## Source material
────────

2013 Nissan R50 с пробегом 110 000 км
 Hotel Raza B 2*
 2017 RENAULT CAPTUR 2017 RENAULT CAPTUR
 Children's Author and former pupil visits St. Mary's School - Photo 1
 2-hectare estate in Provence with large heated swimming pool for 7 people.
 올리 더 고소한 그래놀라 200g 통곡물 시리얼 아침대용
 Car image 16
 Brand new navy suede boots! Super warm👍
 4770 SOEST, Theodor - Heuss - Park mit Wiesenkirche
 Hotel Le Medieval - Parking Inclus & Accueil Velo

────────

## Exercise
Find the line that contains "Hotel Raza B 2*". Restate it and all lines after it exactly, ending with the final line of the data.

## Written response
 Hotel Raza B 2*
 2017 RENAULT CAPTUR 2017 RENAULT CAPTUR
 Children's Author and former pupil visits St. Mary's School - Photo 1
 2-hectare estate in Provence with large heated swimming pool for 7 people.
 올리 더 고소한 그래놀라 200g 통곡물 시리얼 아침대용
 Car image 16
 Brand new navy suede boots! Super warm👍
 4770 SOEST, Theodor - Heuss - Park mit Wiesenkirche
 Hotel Le Medieval - Parking Inclus & Accueil Velo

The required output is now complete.